Amelia is marketing the acreage for sale for an undisclosed client in an area close to several of the biggest operators in the emerging oil shale play, President Kirk Barrel said. Barrell, who writes a blog about TMS activity, said the acreage would provide “excellent” results using unconventional drilling techniques, as well as positive economics.
“In addition, we like the fact that the Austin Chalk provides a secondary target across the position,” Barrell, a petroleum geologist, said of the shale play. “We’re going to be 100 mph over the next couple months with this data room,” he told NGI’s Shale Daily.
The Woodlands, TX-based Amelia, which is privately held by six investors, has an estimated 124,000 net acres in the TMS and has evaluated more than 800 wells across Louisiana and Mississippi (see Shale Daily, June 28, 2012). The management team believes the TMS, which has 2.9-7.4 million prospective acres, is “Eagle Ford age equivalent” and a “proven producer.”
The prospect for sale contains nearly 200 operated drilling locations at 250-acre spacing in the Mississippi’s Wilkinson and Amite counties, as well as Louisiana’s West Feliciana Parish. The leasehold offers a three-year term with two-year options to extend.
The acreage sits “between large acreage positions” that have been accumulated in southern Mississippi and South Louisiana’s Florida parishes, Barrell noted. According to data compiled by NGI’s Shale Daily, the biggest TMS acreage holders now are Encana Corp. (355,000), Indigo Minerals LLC (250,000), Devon Energy Corp. (208,000), EOG Resources Inc. (200,000) Goodrich Petroleum Corp. (134,200), Amelia (124,000) and Sinopec (102,000).
“Encana’s first TMS well came online with a 30-day IP [initial production rate] of 770 boe/d (90% oil),” according to Amelia. “Encana’s last two wells have had 30-day IPs over 1,000 boe/d (90% oil). Industry experts are estimating the latest round of wells will have EURs [estimated ultimate recoveries] above 500 million boe.”
Encana’s management team in September put the TMS at the top of its liquids prospects list (see Shale Daily, Sept. 18, 2012).

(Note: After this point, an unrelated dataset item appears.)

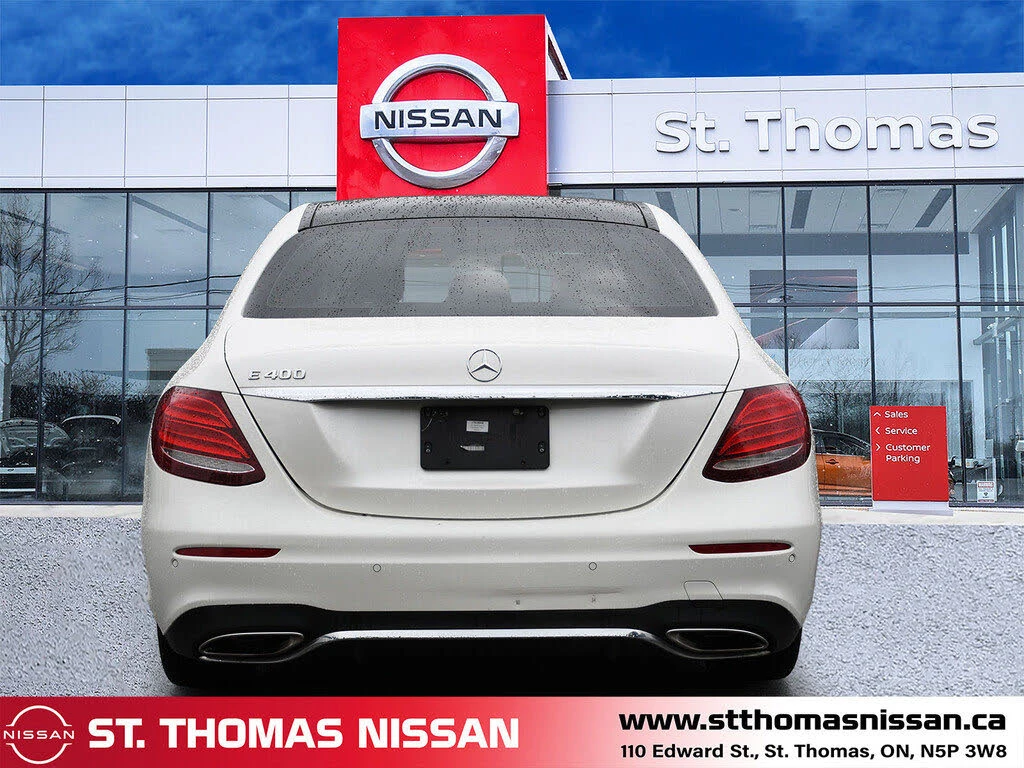 Mercedes-Benz E 400 4MATIC/AMG LINE/PANORAMA/360CAM/BURMESTER, снимка 4 - Автомобили и джипове - 55262810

EOG’s first horizontal TMS well, the touted Dupuy Land Co. 20H-1, had an “initial potential of 730 boe/d,” 90% weighted to oil, with an estimated drill and completion cost of $10.3 million, Barrell noted. Compensating for an estimated 75% first-year decline, EURs for the EOG well project are estimated at more than 535 million bbl of oil and 0.37 Bcf of natural gas, with a rate of return (ROR) of more than 70%.
In addition, results from the Austin Chalk also appear to be encouraging based on early results from Anadarko Petroleum Corp., Atinum Operating and Swift Energy Corp., according to Amelia. It said several “conventional prospects also exist in the Frio, Wilcox and Lower Tuscaloosa formations.”
The prospect brochure is available until Jan. 21 and the data room will be open until Jan. 29, according to Amelia. Bids are due by March 5, with a sales contract possibly in place by March 12. The closing is set “on or before” April 2.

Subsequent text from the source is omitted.